Que fácil que é explorar o desejo dos homens!...

Foi este um dos aspectos em que Freud falhou totalmente, quando não percebeu que o sonho congrega uma actividade revolucionária. Talvez por isso seja tão angustiante ler as suas brilhantes análises, tal é a captura, o aprisionamento e a exiguidade a que ele submete esta qualidade móvel, liberta, criativa e imponderável do desejo. Apesar dos inúmeros e valiosos golpes de génio, entre os quais se conta a invenção do método de associação livre, ele reduz o desejo à satisfação e ao prazer e esquece-se de o ligar à alegria e à liberdade, ao puro jogo abstracto de poder inventar e gozar uma nova fruição. Mas que triste e monótono é o desejo que apenas corre entre a fome e a saciedade, entre a carência e a satisfação!... Que insuportável e entediante vaivém!...
 
Na verdade, os sonhos parecem afirmar-se como uma resistência a esta estereotipia do desejo.
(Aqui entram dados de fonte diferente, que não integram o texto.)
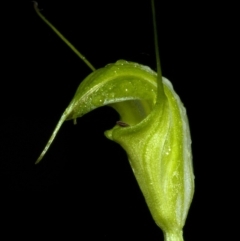 Pterostylis alveata at Saint Georges Basin, NSW - 5 May 2009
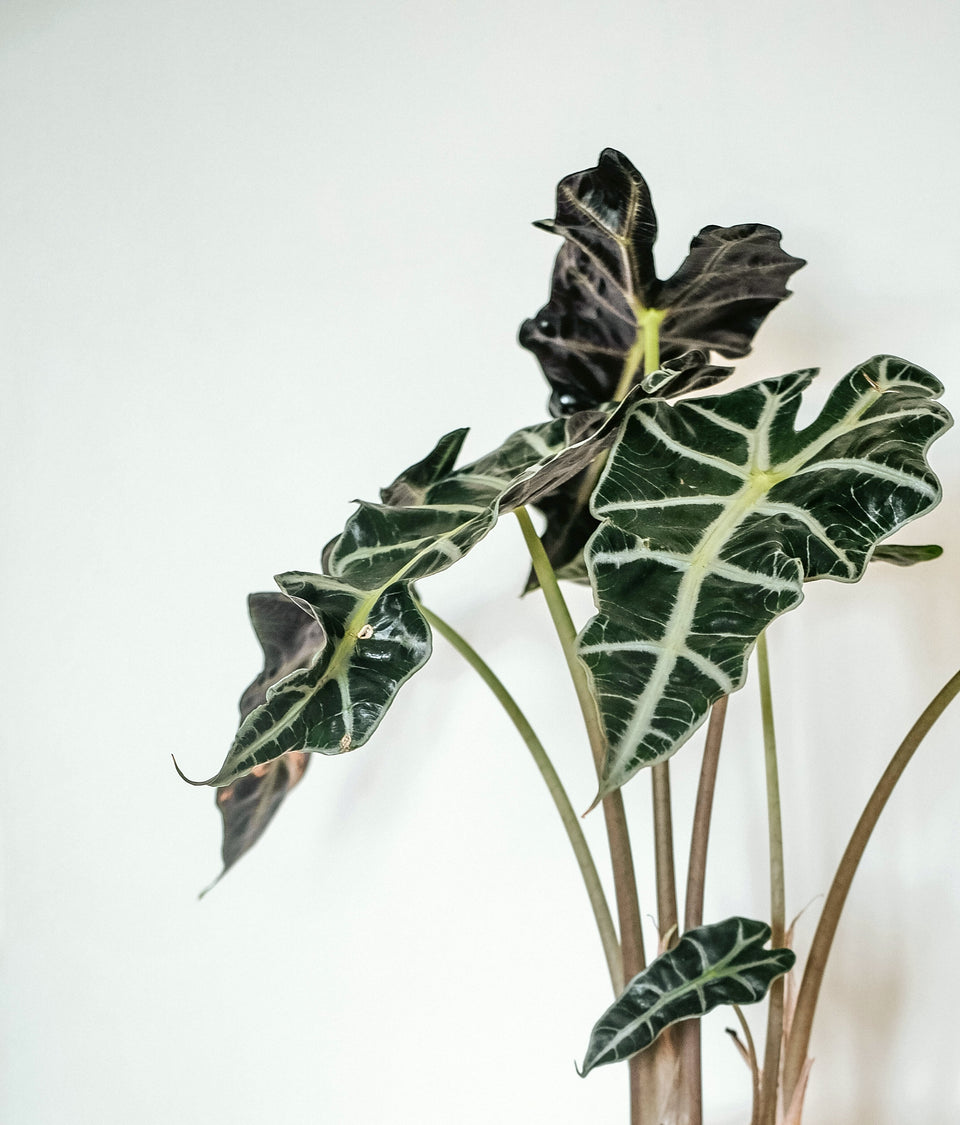 Alocasia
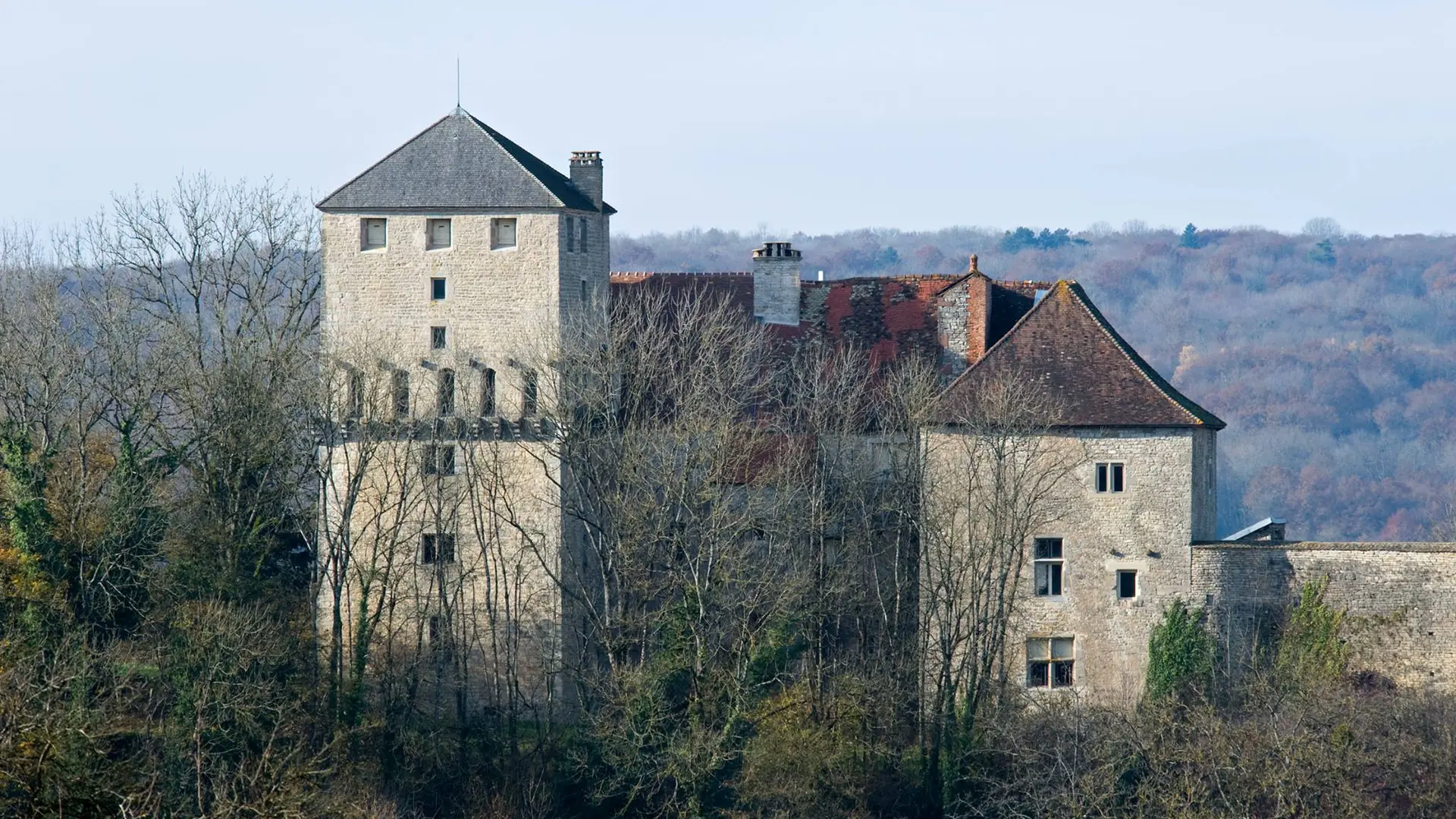 CHÂTEAU DE VALLEROY_1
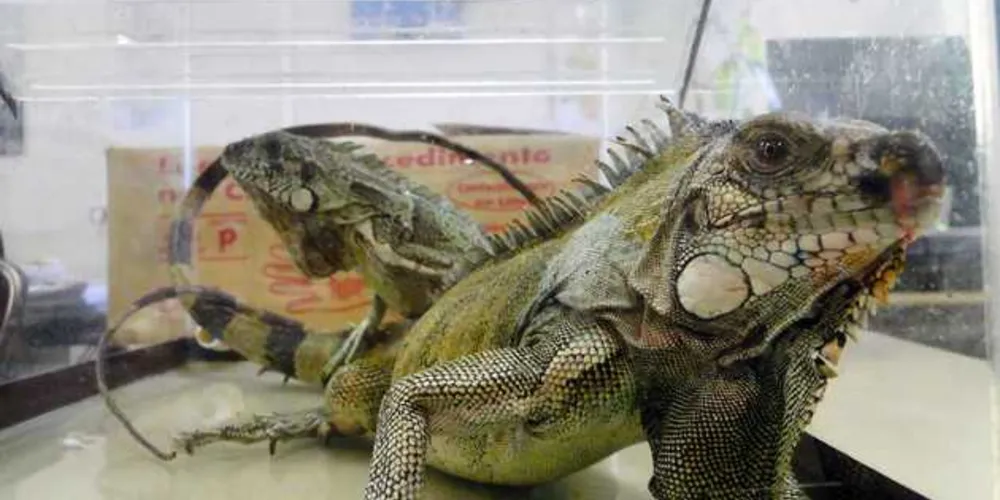 Imagem ilustrativa da imagem Animais silvestres ganham novos lares no Paraná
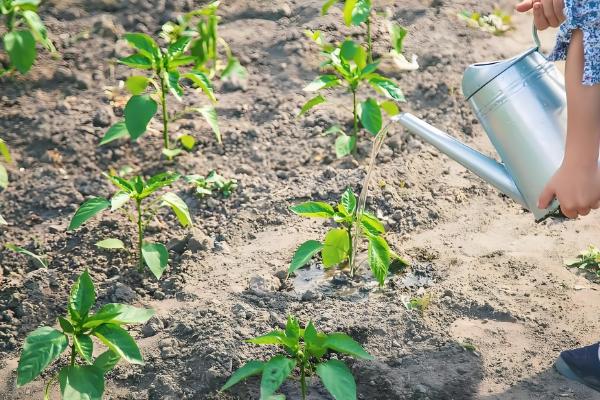 怎么养四季海棠，生长旺季要注意施肥
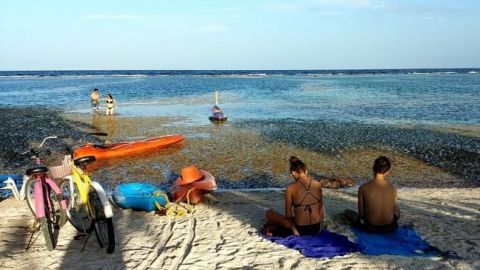 Gestionan 280 mdp para remover sargazo en playas de Quintana Roo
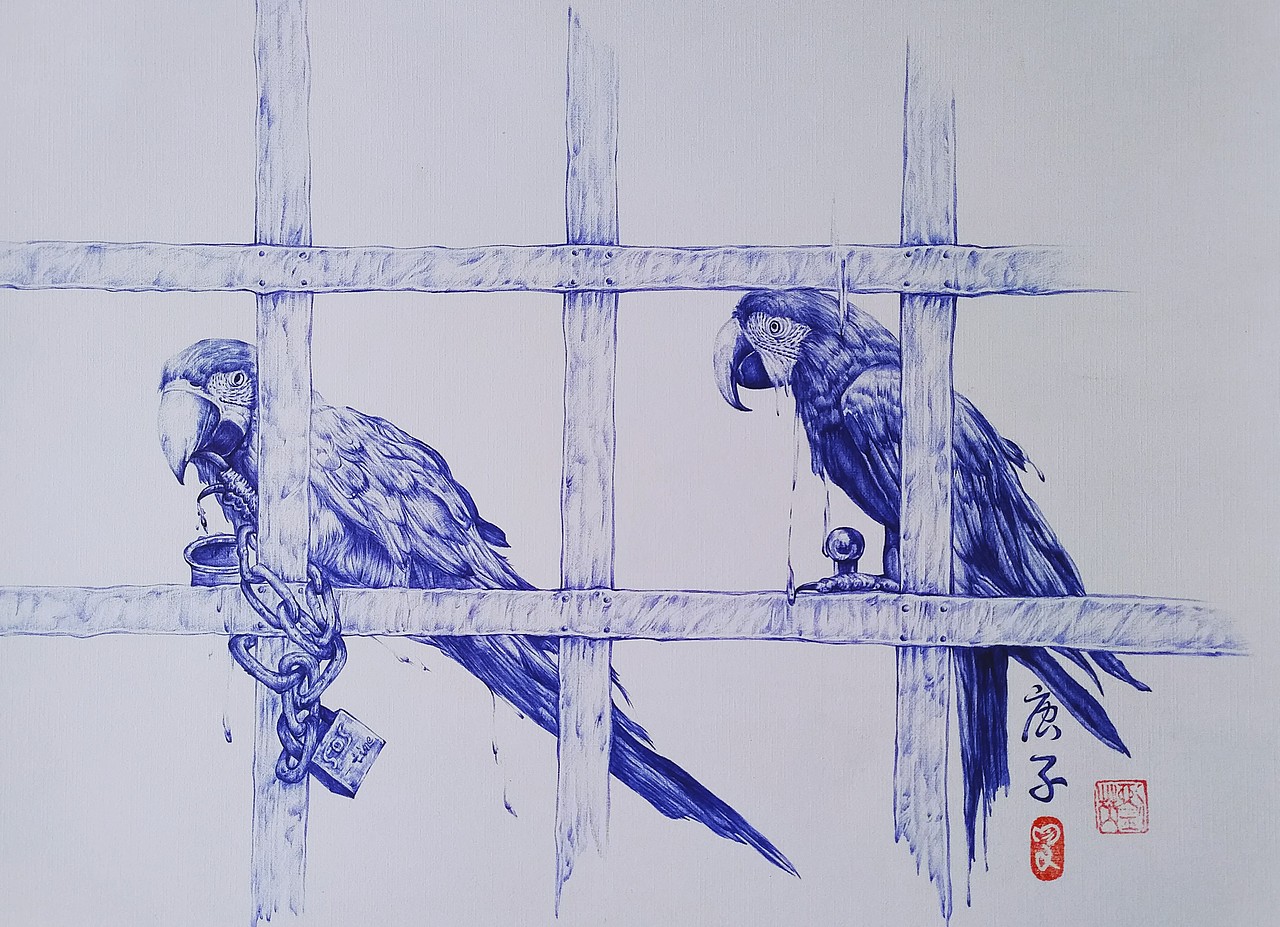 金刚鹦鹉（图ZMTk3NTkwNzI0） - 艺术插画 - 站酷设计师刘大芮原创素材 - 站酷ZCOOL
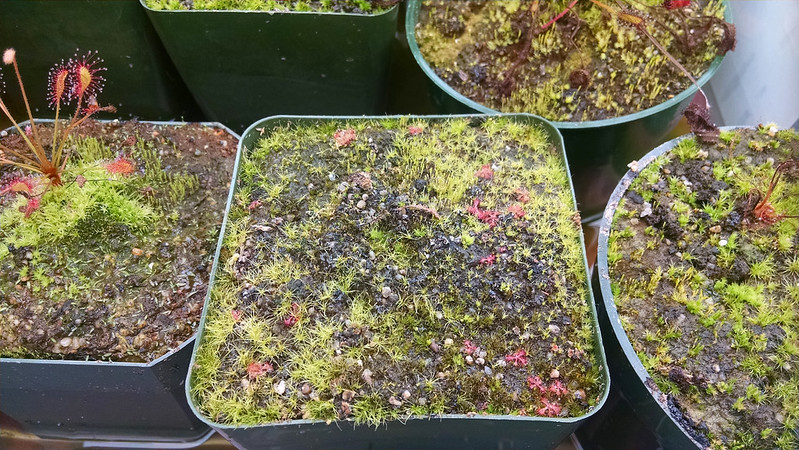 Drosera aliciae seedlings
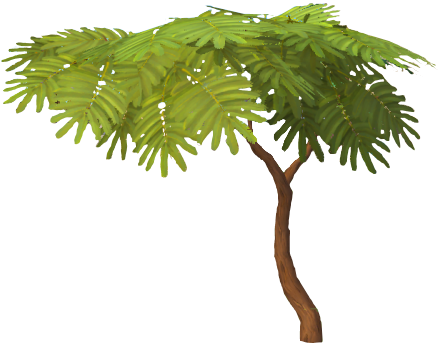 Acadia Logs - Palm Tree (438x346)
Uma resistência profunda, salutar e inclassificável, porventura como a resistência da vida contra a morte, do indivíduo contra a massa social que o pretende domar e explorar, do pensamento contra o lugar-comum, contra a inanidade.

Não há como evitar um sentimento de maravilhamento e de admiração. Que extraordinário que é o pensamento e a imaginação enquanto dormimos... Como são reais as nossas sensações e brilhantes todas as cores... Não cessamos de nos surpreender, de nos questionar. Quantos mundos existem para que nós os contemplemos? E como é que no sonho uma ideia se transforma logo em filme, directamente, sem intervalo, e se mostra em salto, em movimento, em palavras vivas e audíveis e em sensações?... Nem sequer imaginamos o que pensamos. Acontece-nos o que pensamos. Movemo-nos no que pensamos. Ah!... Que velocidades, que quedas, que trapézios, que voos fabulosos e que visões sumptuosas!... Que mundos possíveis!... E como vibra o nosso corpo e reage a nossa carne... Como se dobra e desdobra o tempo... Sentimos de um modo claro que o pensamento pensa e que nós, em relação a ele, somos apenas os humildes espectadores, os incautos, distraídos, inconscientes e inadvertidos participantes.

Quem sabe...

Quem sabe é tão fácil explorar o desejo dos homens porque eles nem conhecem o que desejam, já se esqueceram dos seus sonhos quando acordam e limitam-se durante o dia e na maior parte dos casos a ser obedientes, esforçados e a fazer o que se espera deles.